…and not comparing yourself in-between…
I have been blogging for 5 years and I think I just about get it. I know how to put together a post I feel 100% confident in putting ‘out there’, taking photos I feel proud of (despite any silly poses and passers by giving out some interesting looks) and then writing some words to accompany everything that I hope can make at least one person smile (laughing is an even bigger bonus)- and I really, really love it.
The thing is, the internet moves quicker than an Emmerdale story-line (so much so that I gave up watching). It’s quick, fleeting and a little bit dramatic at times- which means keeping up, as well as creating content (not Kane Dingle related)- can be an art in itself sometimes- and sometimes things can get a bit much. Blogging is something, but Youtube is something else- and it’s a bit tricky. I am not a video maker. Having never used iMovie before (let along Premiere Cut 1200 Zoom Plus Pro or whatever it’s called) I am a complete novice to everything film- so trying to communicate an idea you have (especially if 100 Google searches and forum counts can’t help) is really quite difficult. I know practise makes perfect, I really do- but going from a platform you feel more than competent in, to something you are very much a beginner at is a weird feeling, and it’s hard to not compare yourself…
…and keeping up is hard. people want quality. There are so many amazing YouTubers out there, that it’s hard to begin somewhere with videos that are fuelled by obscure jump cuts, ‘ums’ and ‘ah’s and silly in-between news presenter faces, without feeling a little demotivated and that it’s not quite up to the cut (yes, pun intended). It is massively exciting, and there is definitely a sense of satisfaction that comes with learning a new skill, but that’s exactly what it is- a skill.
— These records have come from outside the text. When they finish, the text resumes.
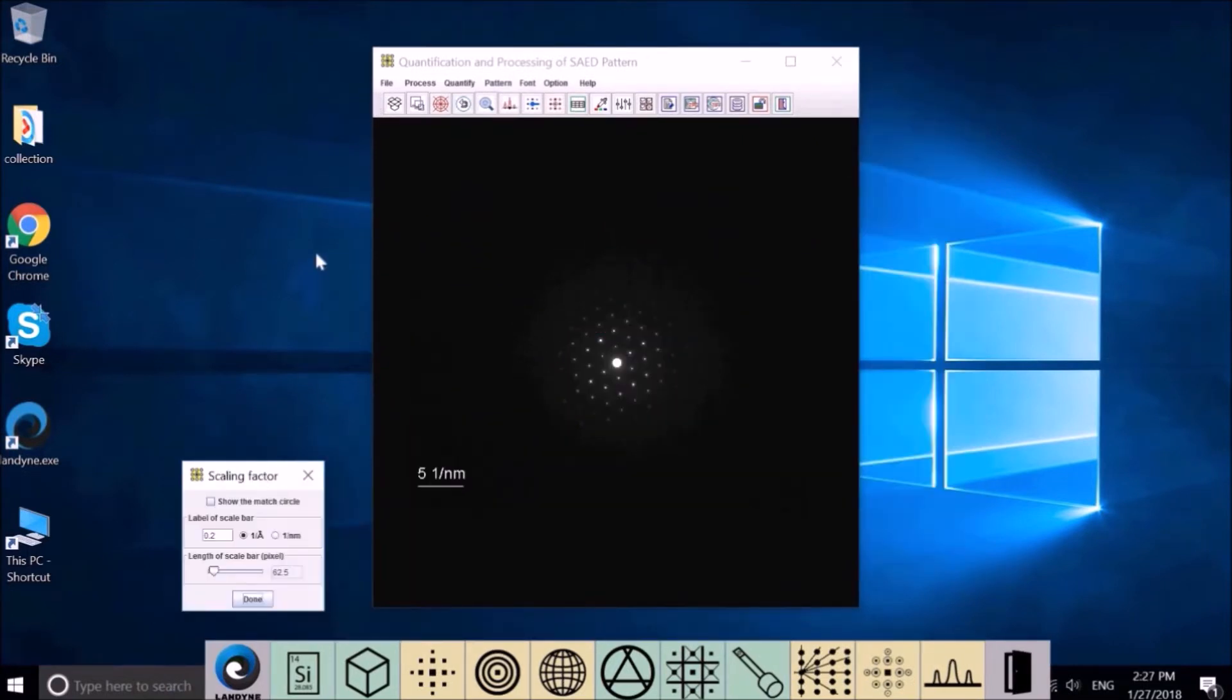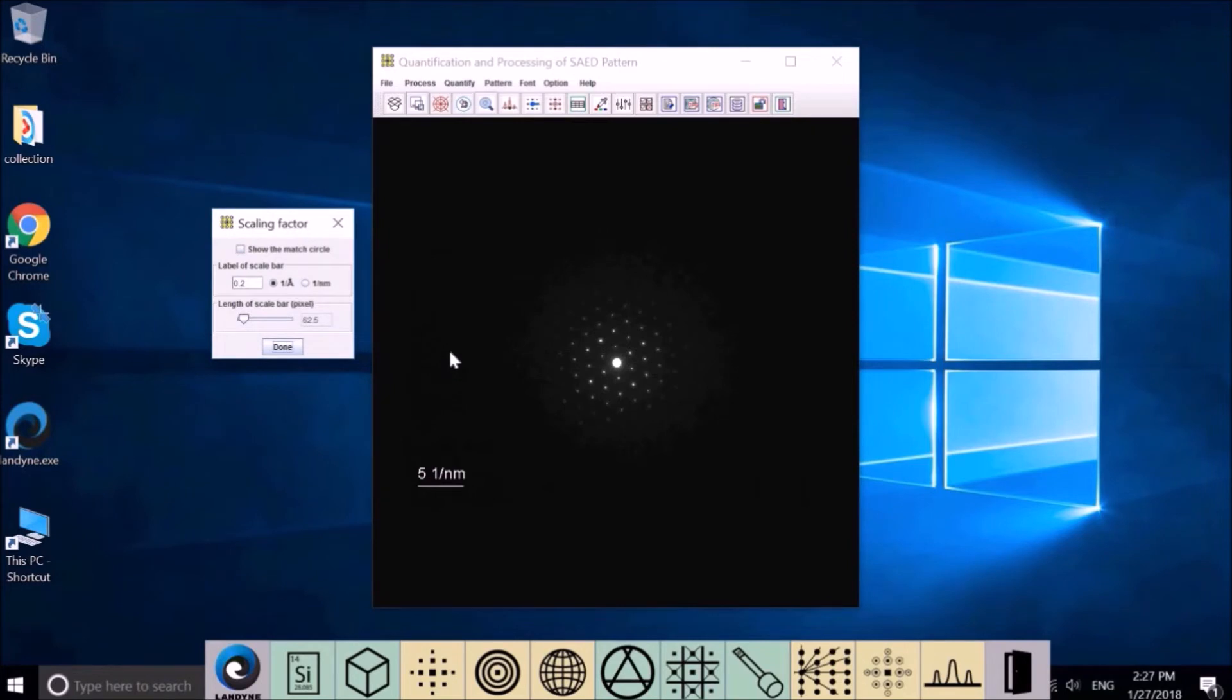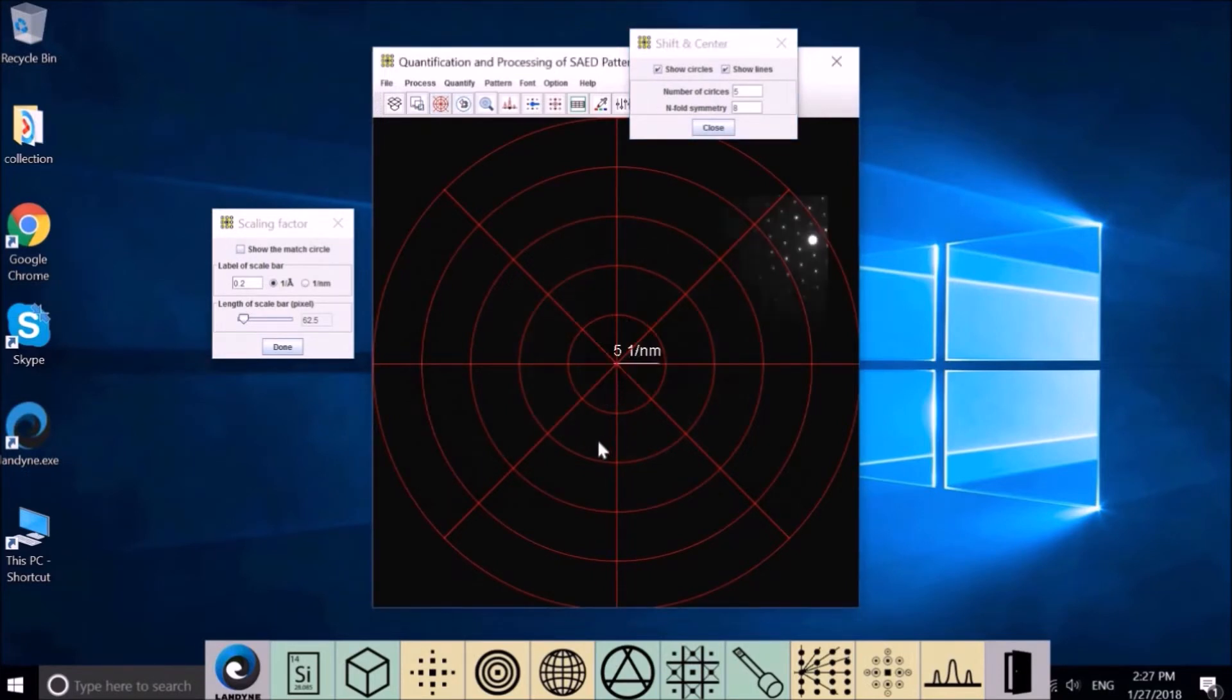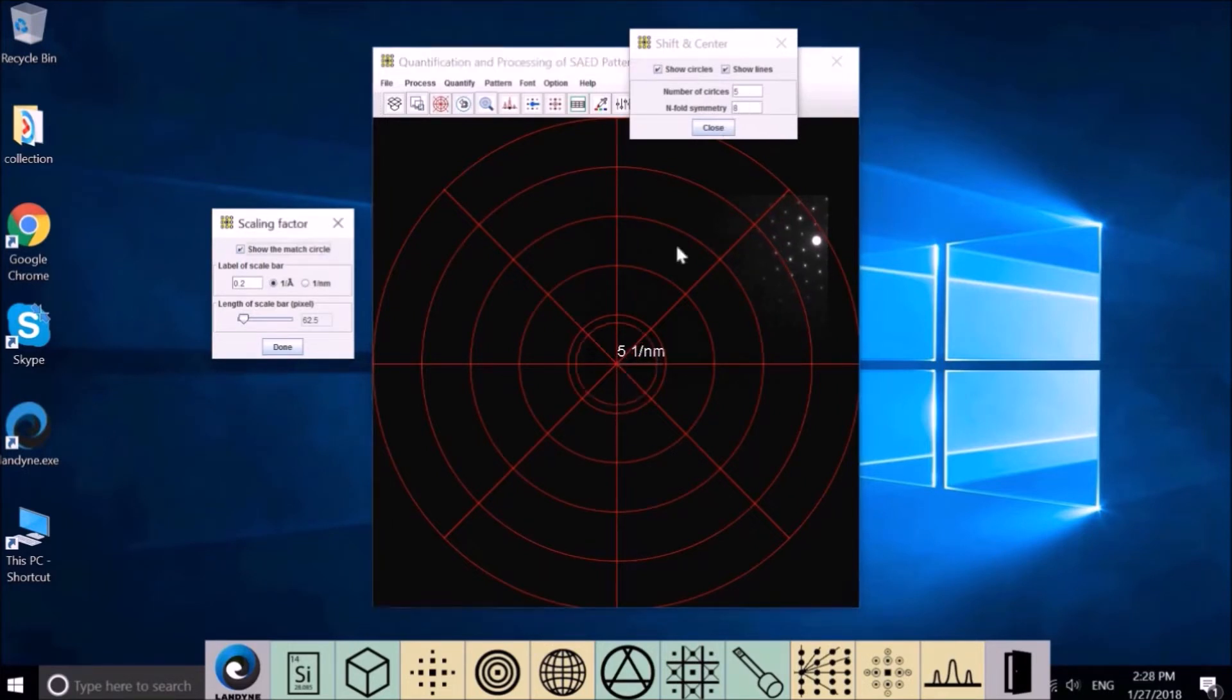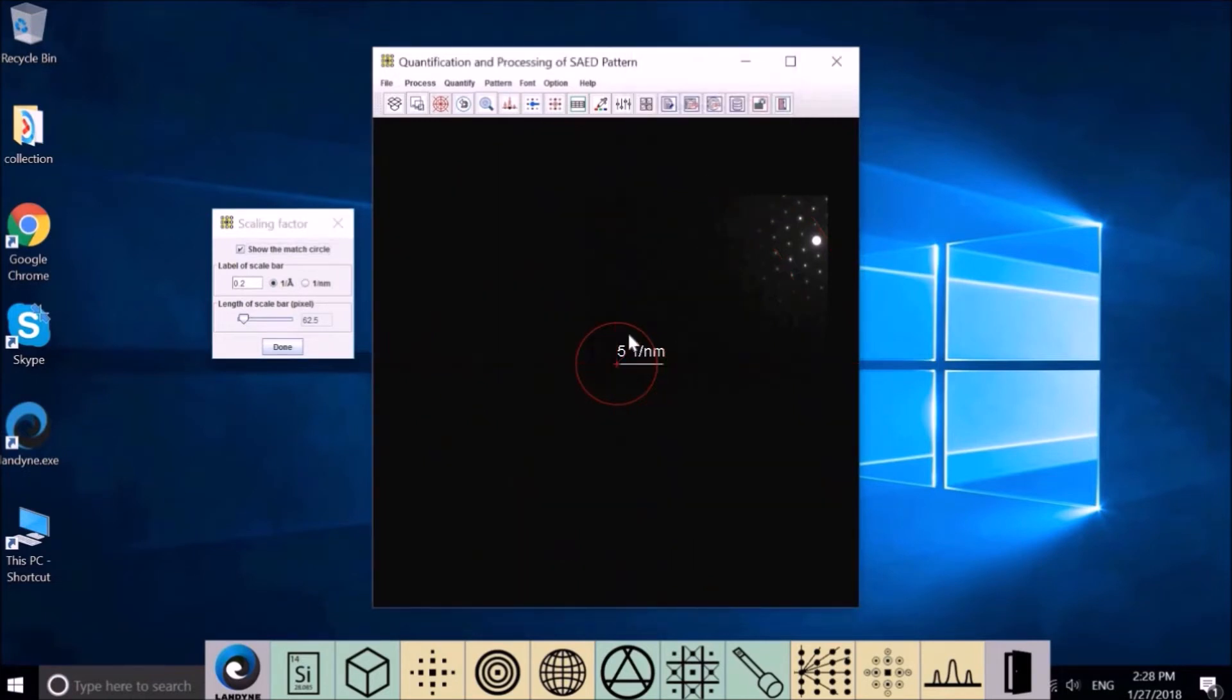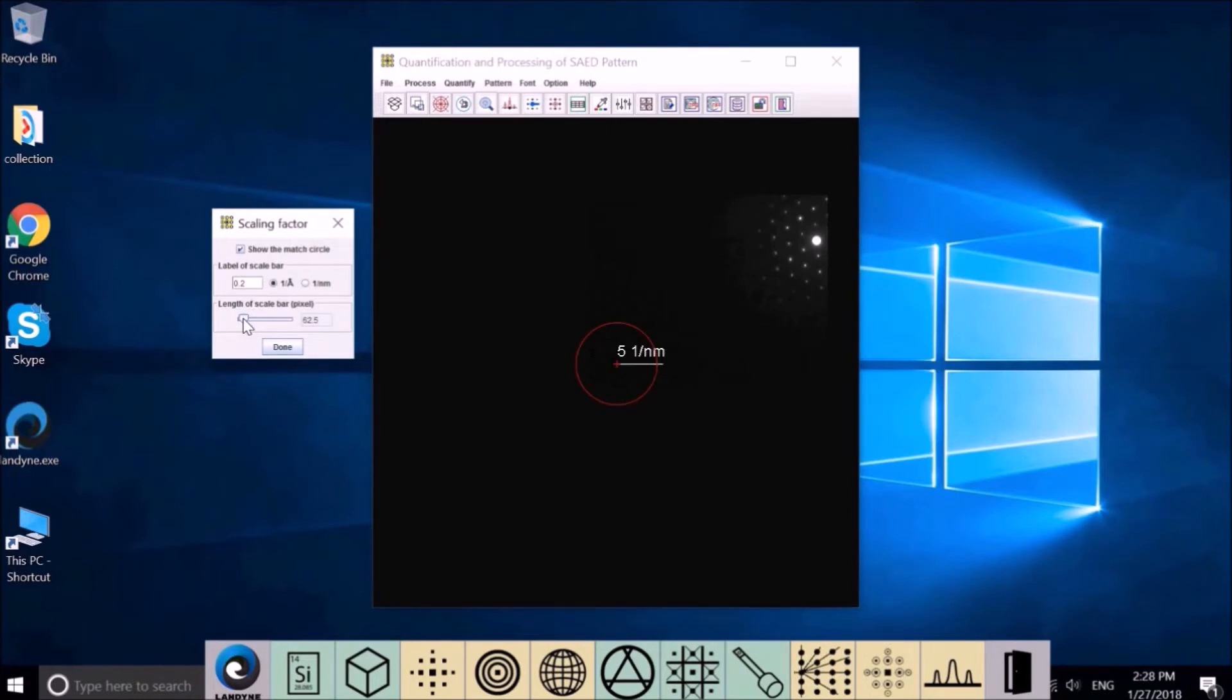We need to calibrate the scaling factor for measured reciprocal lattice. This can be done by shifting the scaling bar to the center. So when the end is in the center, then we can show the matching circle. We get rid of the guide circles.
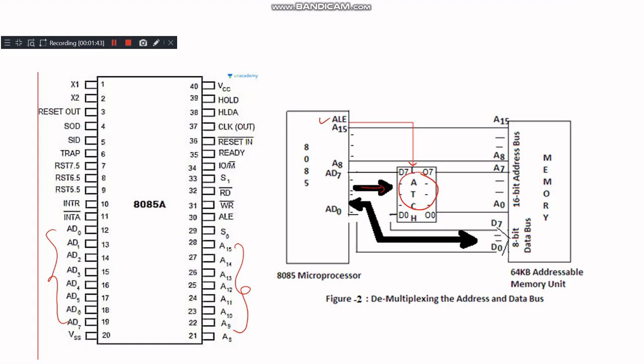Once the address is latched, the AD0 to AD7 lines are then used to carry the data. This process is called demultiplexing. The external latch controlled by the ALE signal holds the lower byte of the address while the data is transferred over the same lines.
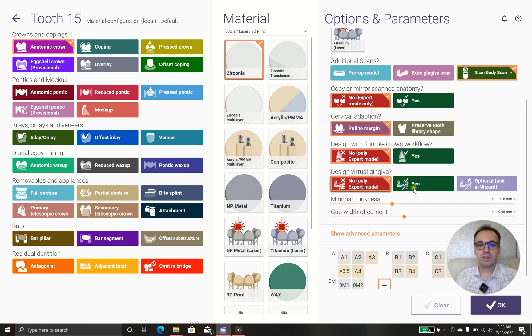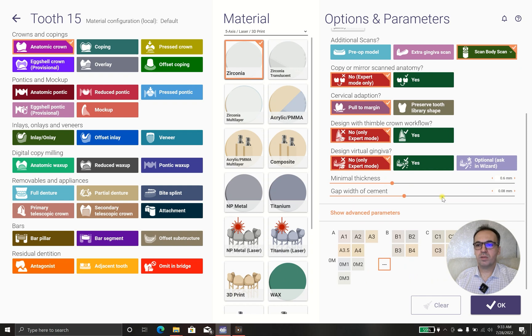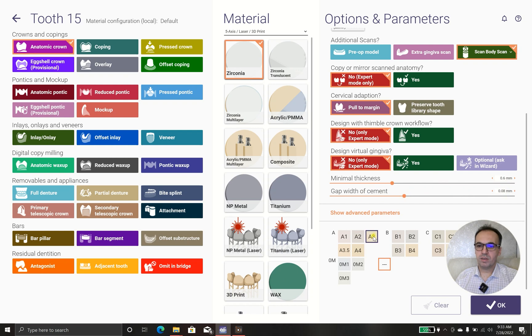Design visual charge gingivate, in this case no. Minimal thickness 0.6 is good and gap of cement. When 18 micron is 2, I put A3 for this case.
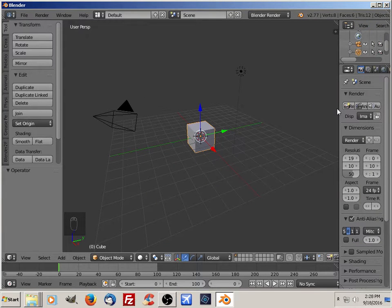Hi everyone, this is Chris B at kpcoolstuff.com. This is going to be a short video on how to make a platform using Blender and the Blender2FSX toolset.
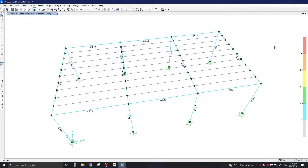Assalamu alaikum everyone, welcome to Lecture 4. Up till now we have studied the basic modeling and basic analysis and design of this shed. What we observed in the last lecture is that these members are actually underutilized, so we are going to optimize them in today's lecture and also see some more parameters which we need to include in our design.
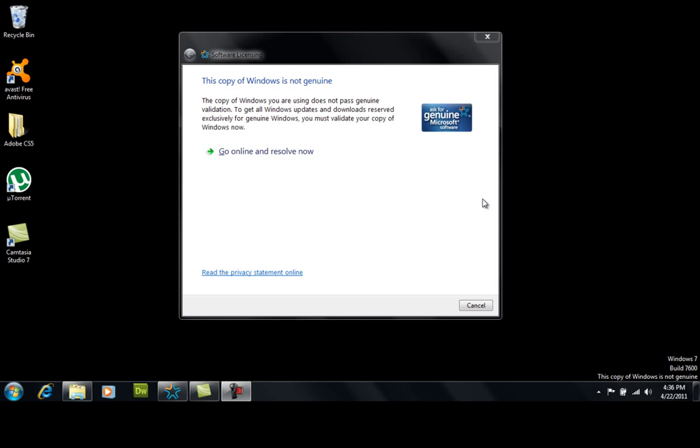Hello everyone, this is Mark and I'm going to do a quick tutorial on how to make your Windows 7 copy genuine, Windows 7 Ultimate.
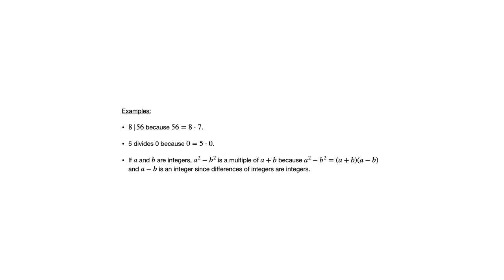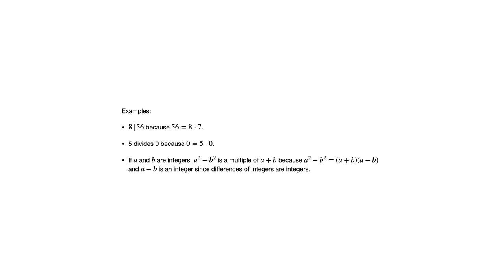One thing you're going to notice in this section is that sometimes when we talk about divides or divisibility, we will be looking at expressions involving variables. So if a and b are integers, a squared minus b squared is a multiple of a plus b because we can factor a squared minus b squared as a plus b times a minus b. And a minus b is an integer because differences of integers are integers.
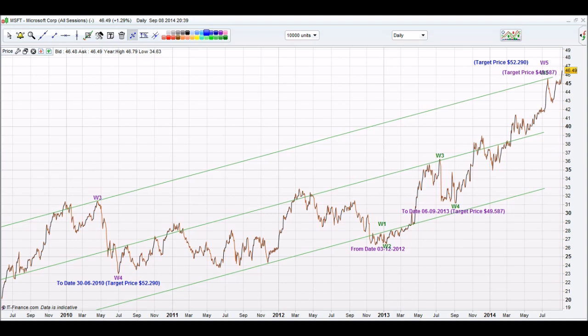On our rally up to wave 5 it has closed at $42.49, and we are still waiting to reach our target price for wave 5. As you can see, the iChart Top stock market app can calculate a top, being a minor or a major correction.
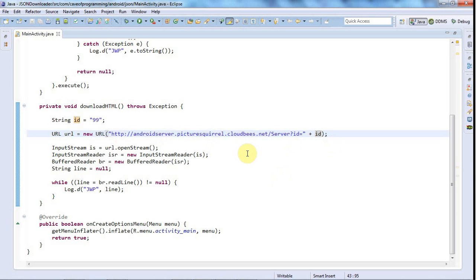Besides the fact that you can't send a lot of data—I think the limit used to be 255 characters and it may be bigger now—even so, you're taking a big chance if you try to put wads of data in the URL.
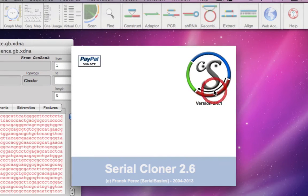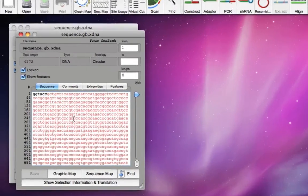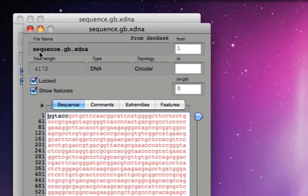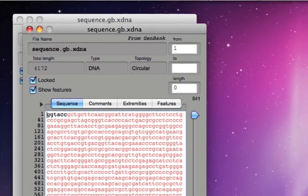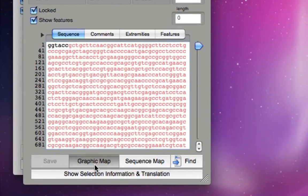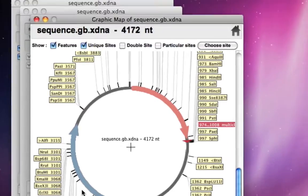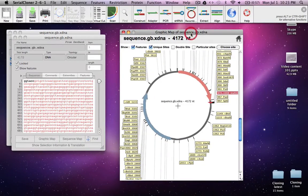Just hit OK and there you go. The small box says this is the sequence name, size, DNA, circular, etc. You can hit the graphic map and there you go, you have the entire plasmid.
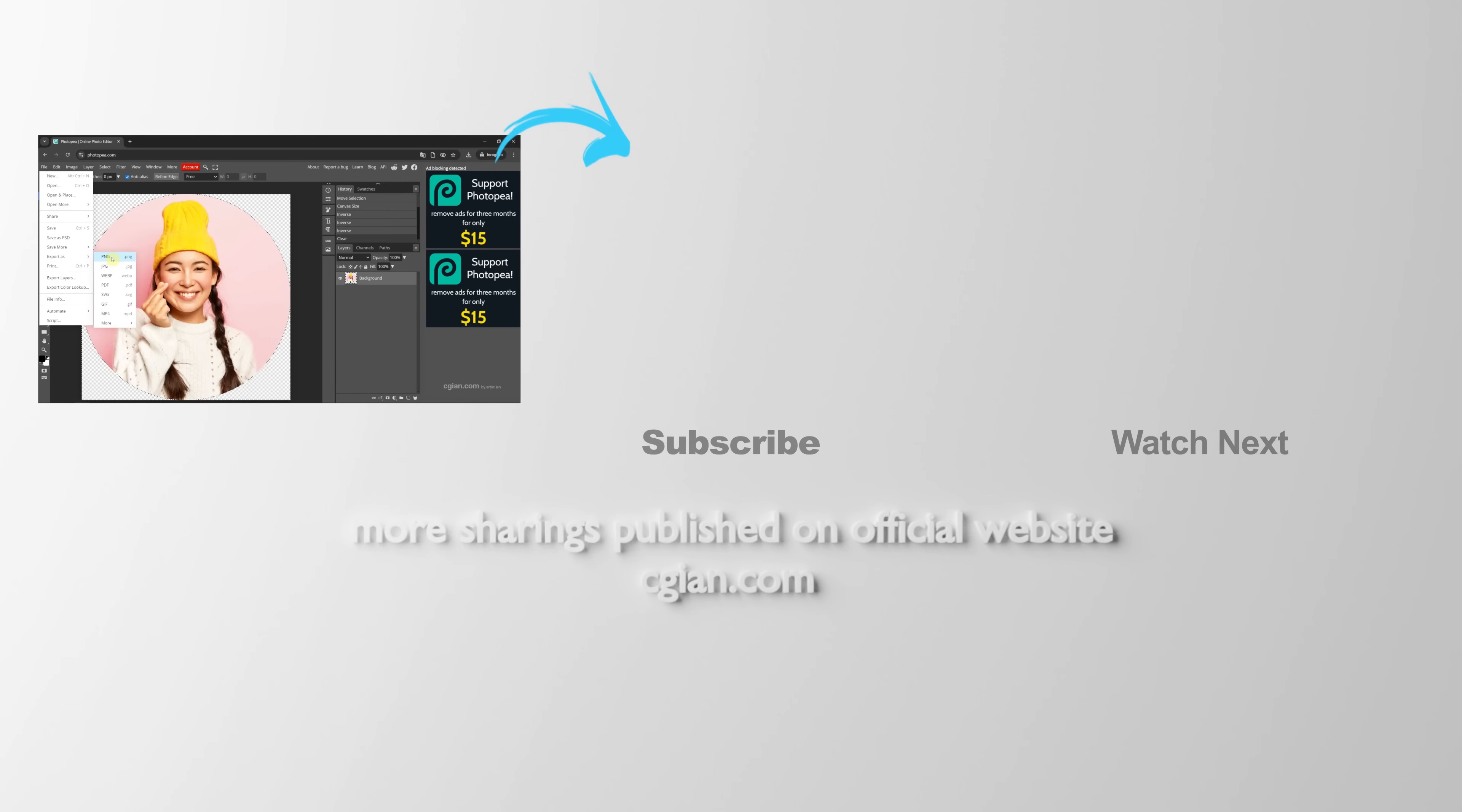Hope this helped. Please subscribe to this channel. More videos will be shared with you. I'm C.J. Yuen. See you in the next video. Bye-bye.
I never have, but don’t ever assume that not a lot goes into making a good YouTube channel- because it is blooming tough (says the girl with 11 videos). I have massive, massive resPEK for people who can keep an amazing channel ticking over, and it does give me drive to keep on creating better content- as let’s face it, things are getting there.
The main thing I wanted to touch on though is about comparison. One of my favourite quotes (or, well, favourite to keep in mind) is ‘comparison is the theif of joy’- something I had to remind myself this weekend after scrolling through endless fantastic blogs, channels- and Instagram accounts and then feeling like I wasn’t doing enough (a great partner for PMT. Ahem). Should I be trying harder? Should I be more stats driven? Should I have a strategy behind my blog? Or should I just stop worrying (the latter being my eventual conclusion). And then, (in the most Carrie Bradshaw like way)- I thought- do I need to keep up? I love blogging. I loved it when I began five years ago, with no pressures, deadlines or any ideas of ‘fame’ and ‘success’, and I love it now with all of those things too. Although it is hard to be focussed on you, when seemingly everyone is achieving greater, more important things (‘Mum, people are writing books AND I’M ONLY TAKING PICTURES OF MYSELF!’)- it’s the main thing you have to do. There’s enough internet to go round after all, kids- so stop worrying that you aren’t as flash as Cyber Cindy- because after all, she’s could be comparing herself to you too.
I’m not entirely sure what I’m trying to say with this post. I guess it’s simply just to use my blog. My web-log. To document fleeting thoughts and feelings, and document them in a diary like way. So yes, that’s what this post is. Just a blog post. No posing, no comparing, just thoughts- and zero comparison- and that’s definitely ok, I think!